- [Problem description]: The only acceptable output is every entry, printed exactly.

(Scraped caption text data)
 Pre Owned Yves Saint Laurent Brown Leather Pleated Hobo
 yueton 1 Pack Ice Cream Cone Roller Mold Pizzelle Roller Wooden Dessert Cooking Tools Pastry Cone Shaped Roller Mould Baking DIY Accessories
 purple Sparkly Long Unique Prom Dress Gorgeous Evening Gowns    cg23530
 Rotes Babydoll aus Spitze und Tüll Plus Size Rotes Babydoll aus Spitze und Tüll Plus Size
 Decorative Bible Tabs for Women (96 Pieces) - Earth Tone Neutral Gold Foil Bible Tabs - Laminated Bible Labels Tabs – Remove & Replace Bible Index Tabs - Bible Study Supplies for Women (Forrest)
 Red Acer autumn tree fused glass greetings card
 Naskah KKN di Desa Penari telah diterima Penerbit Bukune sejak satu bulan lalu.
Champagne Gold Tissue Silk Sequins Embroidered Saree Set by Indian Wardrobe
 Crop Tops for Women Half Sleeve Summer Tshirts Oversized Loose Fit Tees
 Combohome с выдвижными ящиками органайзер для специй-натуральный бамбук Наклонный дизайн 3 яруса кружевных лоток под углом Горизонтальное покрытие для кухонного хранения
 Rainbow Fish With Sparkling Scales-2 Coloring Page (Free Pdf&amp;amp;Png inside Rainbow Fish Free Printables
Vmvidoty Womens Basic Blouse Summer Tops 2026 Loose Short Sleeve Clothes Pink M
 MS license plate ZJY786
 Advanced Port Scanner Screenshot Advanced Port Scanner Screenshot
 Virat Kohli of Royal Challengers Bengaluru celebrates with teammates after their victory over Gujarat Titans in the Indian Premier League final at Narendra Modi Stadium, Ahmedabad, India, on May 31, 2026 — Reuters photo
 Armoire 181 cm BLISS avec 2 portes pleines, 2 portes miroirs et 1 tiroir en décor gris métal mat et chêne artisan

- [Solution]:
 Pre Owned Yves Saint Laurent Brown Leather Pleated Hobo
 yueton 1 Pack Ice Cream Cone Roller Mold Pizzelle Roller Wooden Dessert Cooking Tools Pastry Cone Shaped Roller Mould Baking DIY Accessories
 purple Sparkly Long Unique Prom Dress Gorgeous Evening Gowns    cg23530
 Rotes Babydoll aus Spitze und Tüll Plus Size Rotes Babydoll aus Spitze und Tüll Plus Size
 Decorative Bible Tabs for Women (96 Pieces) - Earth Tone Neutral Gold Foil Bible Tabs - Laminated Bible Labels Tabs – Remove & Replace Bible Index Tabs - Bible Study Supplies for Women (Forrest)
 Red Acer autumn tree fused glass greetings card
 Naskah KKN di Desa Penari telah diterima Penerbit Bukune sejak satu bulan lalu.
Champagne Gold Tissue Silk Sequins Embroidered Saree Set by Indian Wardrobe
 Crop Tops for Women Half Sleeve Summer Tshirts Oversized Loose Fit Tees
 Combohome с выдвижными ящиками органайзер для специй-натуральный бамбук Наклонный дизайн 3 яруса кружевных лоток под углом Горизонтальное покрытие для кухонного хранения
 Rainbow Fish With Sparkling Scales-2 Coloring Page (Free Pdf&amp;amp;Png inside Rainbow Fish Free Printables
Vmvidoty Womens Basic Blouse Summer Tops 2026 Loose Short Sleeve Clothes Pink M
 MS license plate ZJY786
 Advanced Port Scanner Screenshot Advanced Port Scanner Screenshot
 Virat Kohli of Royal Challengers Bengaluru celebrates with teammates after their victory over Gujarat Titans in the Indian Premier League final at Narendra Modi Stadium, Ahmedabad, India, on May 31, 2026 — Reuters photo
 Armoire 181 cm BLISS avec 2 portes pleines, 2 portes miroirs et 1 tiroir en décor gris métal mat et chêne artisan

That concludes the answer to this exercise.